Плюнула я на мысли свои, колготки напялила, юбку любимую, шерстяную, в клетку, свитер мохеровый, шарф намотала поверх куртки. И вдруг – бабахнуло меня – маска! Маски -то у меня нет. В аптеке ее днем с огнем не найдешь, государство о гражданах так побеспокоилось, а в магазин не пустят.
Пришлось раздеться, сесть и полчаса ковырять иголкой старую простыню. Благо нашла тканюшку подходящую. Резинки от старых трусов пришила, даже гламурненько вышло. Сойдет…
Пока до магазина дошла – стемнело уже. Ветер дул, как бешеный, дождь лепил со снегом, куртка промокла, шарф стал тяжелым, как свинец – понес черт меня пешком, все торопыга – автобуса ждать ей невмосчь. Вот и на тебе. Только ноги во всем теле и не замерзли – сапоги новые, успела до больницы, купила.
В магазе, несмотря на режим, народу было до фига. Все, как идиоты стояли друг от друга за метр, зато у касс – толкотня, кассир, как всегда один. А духота – жуткая. Какой дурак топит так, не знаю – вся вспотела, слабость еще больничная не прошла, дышать нечем. Маску вниз сбила – еще минута – задохнусь. Наконец, весь этот кошмар закончился, на улицу вышла – там ураган. Деревья качаются, к земле льнут, черные листья по асфальту несутся – армагеддон. И народ, как сатаны – все в намордниках, ползут, согнувшись, короче – последний день Помпеи.
Я до остановки кой-как дошла, продуло меня до последней косточки, стою, скорчилась – автобуса не видать. Ну, думаю – сердце меня не прикончило, так теперь от простуды загнусь. Тьху, тьху, тьху…

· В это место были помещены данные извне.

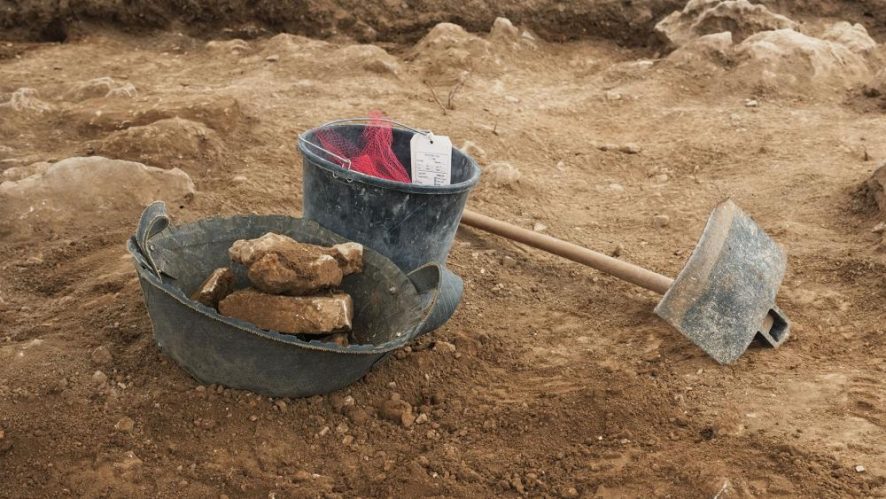 Unearthing ancient pottery, Photo, CBN News, Jonathan Goff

Минут двадцать стояла – нет автобуса. Ветер стих, снег пошел – крупный, нежный, легкий. В момент улица белой стала, деревья, в хлопьях – как в сказке. Сижу на лавке и дремота меня пробирает, прямо закрыла бы глаза и спать
– Лидия. Забыл ваше отчество. Вы что здесь расселись? Забыли, что я вам говорил…
Вот те на! Глаза открыла – перед остановкой машина стоит. Да красивая – длинная, как крокодил, низкая. Перламутром в свете фонарей сияет, снег на нее не ложится, тает…
Давайте-ка в машину. Вам куда?
Господи, Сила твоя! Армен Яковлевич! Точно, Ангел, не зря тетки в больнице его так называли. Ржали. А ведь и вправду,
Я с трудом встала, онемело уж все от холода, дотащилась до машины, волоком таща сумку. Доктор выскочил, помочь – то, да ладно. Мы уж сами. Привыкли.
Села я, адрес назвала ему. Он хмыкнул.
– Лида. Это судьба, Мы с вами в одном доме живем. Вы в каком подъезде?
– В третьем.
– И я. А этаж какой?
– Пятый.
Рядом!
Когда, наконец, я ввалилась в квартиру, благо Армен сумки дотащил, сил у меня хватило только скинуть куртку, сапоги и шарф. И, как была, прямо в свитере и юбке, взвалилась на кровать и провалилась в сон – какой-то тяжелый, черный, страшный.